With exam season approaching, is it best to scale back your sport commitments and training or to put your sport first and fit your revision in around your training ?
I first came across the idea that exercise improves academic performance when I was recommended the book ‘Spark’ written by Dr John Ratey, a professor of clinical psychiatry at Harvard Medical School. First published in 2009, Spark was inspired by the changes in academic performance seen at a group of schools in Illinois when they started teaching sport as a life skill, literally using exercise to turn on the brain to learn. The 10minute video below was filmed in 2012 and is by Dr John Ratey talking about this research.
HOW MIGHT EXERCISE BENEFIT LEARNING ?
Increasing blood flow and stimulation
Lower oxygen levels in the blood reduce our ability to concentrate, and when you can’t concentrate it becomes harder to learn new information or remember information you studied in the past. Movement and exercise increase breathing and heart rate, so that more blood flows to the brain, increasing available oxygen, enhancing energy production and boosting waste removal. Cerebral blood supply has been shown to grow in response to exercise in animal studies and the evidence in humans is growing. The picture below is taken from research done by Dr Chuck Hillmans, using MRi scans he has shown that just 20minutes of walking radically improves the level of activity in the brain and that physical fitness not only enhances memory in children but boosts the ability to solve difficult problems (1)

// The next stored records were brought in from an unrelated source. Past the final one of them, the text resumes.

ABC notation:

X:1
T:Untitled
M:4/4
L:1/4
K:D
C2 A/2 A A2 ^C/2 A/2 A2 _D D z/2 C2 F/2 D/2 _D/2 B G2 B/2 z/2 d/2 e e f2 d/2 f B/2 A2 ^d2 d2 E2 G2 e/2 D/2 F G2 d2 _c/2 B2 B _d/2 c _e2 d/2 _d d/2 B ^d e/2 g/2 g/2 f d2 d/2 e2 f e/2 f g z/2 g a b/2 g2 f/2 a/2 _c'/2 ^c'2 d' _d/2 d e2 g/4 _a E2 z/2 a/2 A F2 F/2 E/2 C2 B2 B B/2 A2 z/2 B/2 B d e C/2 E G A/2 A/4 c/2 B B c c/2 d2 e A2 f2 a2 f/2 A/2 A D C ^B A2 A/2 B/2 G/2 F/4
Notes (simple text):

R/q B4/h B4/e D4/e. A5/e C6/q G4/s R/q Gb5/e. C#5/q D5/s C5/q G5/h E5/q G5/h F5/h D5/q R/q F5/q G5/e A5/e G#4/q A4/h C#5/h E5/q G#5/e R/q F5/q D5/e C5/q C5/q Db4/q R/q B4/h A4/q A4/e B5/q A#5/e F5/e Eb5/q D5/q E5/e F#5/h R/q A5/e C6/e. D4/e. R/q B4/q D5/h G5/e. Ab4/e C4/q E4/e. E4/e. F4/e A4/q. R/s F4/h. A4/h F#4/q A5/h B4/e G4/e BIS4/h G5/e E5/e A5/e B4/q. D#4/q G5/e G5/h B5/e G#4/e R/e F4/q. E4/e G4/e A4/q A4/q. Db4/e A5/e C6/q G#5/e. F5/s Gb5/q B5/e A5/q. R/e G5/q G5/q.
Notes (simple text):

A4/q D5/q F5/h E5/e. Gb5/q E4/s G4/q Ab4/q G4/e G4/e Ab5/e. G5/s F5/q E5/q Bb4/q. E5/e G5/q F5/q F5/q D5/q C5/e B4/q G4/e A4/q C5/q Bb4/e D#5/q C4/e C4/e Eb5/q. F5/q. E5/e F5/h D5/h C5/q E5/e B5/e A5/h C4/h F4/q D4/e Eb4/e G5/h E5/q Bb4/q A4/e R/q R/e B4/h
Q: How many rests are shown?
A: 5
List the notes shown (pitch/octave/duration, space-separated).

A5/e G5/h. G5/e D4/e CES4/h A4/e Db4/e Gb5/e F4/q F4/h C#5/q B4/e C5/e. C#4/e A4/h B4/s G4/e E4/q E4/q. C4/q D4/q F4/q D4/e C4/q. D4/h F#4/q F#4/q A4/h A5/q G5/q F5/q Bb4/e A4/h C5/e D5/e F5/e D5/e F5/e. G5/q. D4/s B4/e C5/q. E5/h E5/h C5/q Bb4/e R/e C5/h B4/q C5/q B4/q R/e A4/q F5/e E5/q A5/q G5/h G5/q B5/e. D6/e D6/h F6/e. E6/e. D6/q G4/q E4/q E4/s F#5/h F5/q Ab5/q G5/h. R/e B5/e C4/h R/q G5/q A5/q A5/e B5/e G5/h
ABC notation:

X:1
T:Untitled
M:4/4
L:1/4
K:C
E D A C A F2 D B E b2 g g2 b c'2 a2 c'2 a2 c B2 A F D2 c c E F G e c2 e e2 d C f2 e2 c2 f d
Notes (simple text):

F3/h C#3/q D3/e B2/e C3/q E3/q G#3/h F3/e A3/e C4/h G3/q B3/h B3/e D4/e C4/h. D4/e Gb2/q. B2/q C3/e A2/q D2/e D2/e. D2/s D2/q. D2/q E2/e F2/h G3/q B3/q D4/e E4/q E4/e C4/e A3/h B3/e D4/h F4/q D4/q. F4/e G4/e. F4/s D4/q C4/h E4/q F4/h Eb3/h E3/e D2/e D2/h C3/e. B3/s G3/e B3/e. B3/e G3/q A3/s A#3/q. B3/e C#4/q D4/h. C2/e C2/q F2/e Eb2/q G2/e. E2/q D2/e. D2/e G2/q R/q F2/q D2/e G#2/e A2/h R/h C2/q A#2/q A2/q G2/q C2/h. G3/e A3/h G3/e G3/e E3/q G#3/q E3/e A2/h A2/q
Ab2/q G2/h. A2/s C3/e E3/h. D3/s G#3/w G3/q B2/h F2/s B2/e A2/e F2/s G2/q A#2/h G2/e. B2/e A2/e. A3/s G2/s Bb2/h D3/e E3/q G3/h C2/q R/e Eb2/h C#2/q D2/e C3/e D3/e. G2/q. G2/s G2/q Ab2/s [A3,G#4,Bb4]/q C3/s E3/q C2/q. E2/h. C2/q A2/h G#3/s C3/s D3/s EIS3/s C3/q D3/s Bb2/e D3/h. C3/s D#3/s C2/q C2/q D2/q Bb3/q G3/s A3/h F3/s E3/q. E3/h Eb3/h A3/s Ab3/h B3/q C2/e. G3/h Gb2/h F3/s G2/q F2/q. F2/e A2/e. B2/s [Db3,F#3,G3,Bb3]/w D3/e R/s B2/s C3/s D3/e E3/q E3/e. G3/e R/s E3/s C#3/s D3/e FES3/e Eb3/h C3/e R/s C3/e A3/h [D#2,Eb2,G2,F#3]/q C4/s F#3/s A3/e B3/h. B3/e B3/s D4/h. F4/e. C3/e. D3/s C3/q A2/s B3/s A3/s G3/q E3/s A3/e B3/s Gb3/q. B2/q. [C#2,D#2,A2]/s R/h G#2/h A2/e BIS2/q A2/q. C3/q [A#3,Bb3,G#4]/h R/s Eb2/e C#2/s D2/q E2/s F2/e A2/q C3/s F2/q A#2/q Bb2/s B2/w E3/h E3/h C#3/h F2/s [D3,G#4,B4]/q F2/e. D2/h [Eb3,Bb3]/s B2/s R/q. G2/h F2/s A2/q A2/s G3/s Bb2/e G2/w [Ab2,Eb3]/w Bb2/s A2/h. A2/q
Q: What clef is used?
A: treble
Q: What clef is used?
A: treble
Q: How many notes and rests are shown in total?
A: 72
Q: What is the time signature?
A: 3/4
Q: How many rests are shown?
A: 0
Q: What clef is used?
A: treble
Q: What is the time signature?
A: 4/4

Stress or anxiety even if it is very short term has been found to impair brain-cell communication in the areas associated with learning and memory and the stress-induced hormone cortisol is shown to inhibit the growth of new brain cells and cause poor memory performance. Physical exercise particularly continuous rhythmic aerobic exercises such as running, cycling and swimming reduce stress, anxiety and frustration and increases neurotransmitter levels. Scans of athletes’ brains after exercise show enhanced released of endorphins in parts of the brain that are involved emotion (2) and several other brain chemicals contribute to us feeling better when we exercise, including serotonin.
Even better news for athletes is that regular training has been found to increase the threshold for cortisol release, making the body more resilient to the effects of stress. The more physical activity you do, the more efficient the body becomes at dealing with both physical and mental stressors, so regular exercise has a protective function (3).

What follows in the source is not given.